How to change the default collation of a table?

create table check2(f1 varchar(20),f2 varchar(20));
creates a table with the default collation latin1_general_ci;
alter table check2 collate latin1_general_cs;
show full columns from check2;
shows the individual collation of the columns as 'latin1_general_ci'.
Then what is the effect of the alter table command?
To change the default character set and collation of a table including those of existing columns (note the convert to clause):
alter table <some_table> convert to character set utf8mb4 collate utf8mb4_unicode_ci;
Edited the answer, thanks to the prompting of some comments:
Should avoid recommending utf8. It's almost never what you want, and often leads to unexpected messes. The utf8 character set is not fully compatible with UTF-8. The utf8mb4 character set is what you want if you want UTF-8. – Rich Remer Mar 28 '18 at 23:41
and
That seems quite important, glad I read the comments and thanks #RichRemer . Nikki , I think you should edit that in your answer considering how many views this gets.
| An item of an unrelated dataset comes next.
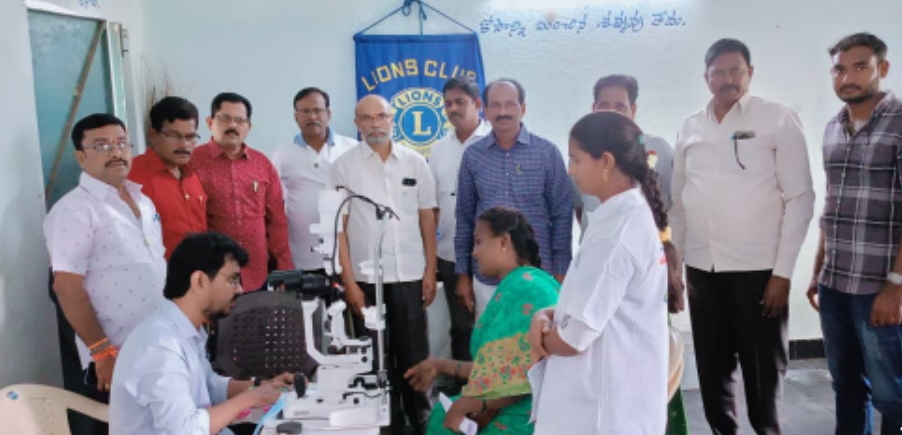 అడసర్లపాడులో ఉచిత కంటి వైద్య శిబిరం విజయవంతం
See here https://dev.mysql.com/doc/refman/8.0/en/charset-unicode-utf8.html and here What is the difference between utf8mb4 and utf8 charsets in MySQL? – Paulpro Mar 12 at 17:46
MySQL has 4 levels of collation: server, database, table, column.
If you change the collation of the server, database or table, you don't change the setting for each column, but you change the default collations.
E.g if you change the default collation of a database, each new table you create in that database will use that collation, and if you change the default collation of a table, each column you create in that table will get that collation.
It sets the default collation for the table; if you create a new column, that should be collated with latin_general_ci -- I think. Try specifying the collation for the individual column and see if that works. MySQL has some really bizarre behavior in regards to the way it handles this.
may need to change the SCHEMA not only table
ALTER SCHEMA `<database name>` DEFAULT CHARACTER SET utf8mb4 DEFAULT COLLATE utf8mb4_unicode_ci ;
as Rich said - utf8mb4
(mariaDB 10)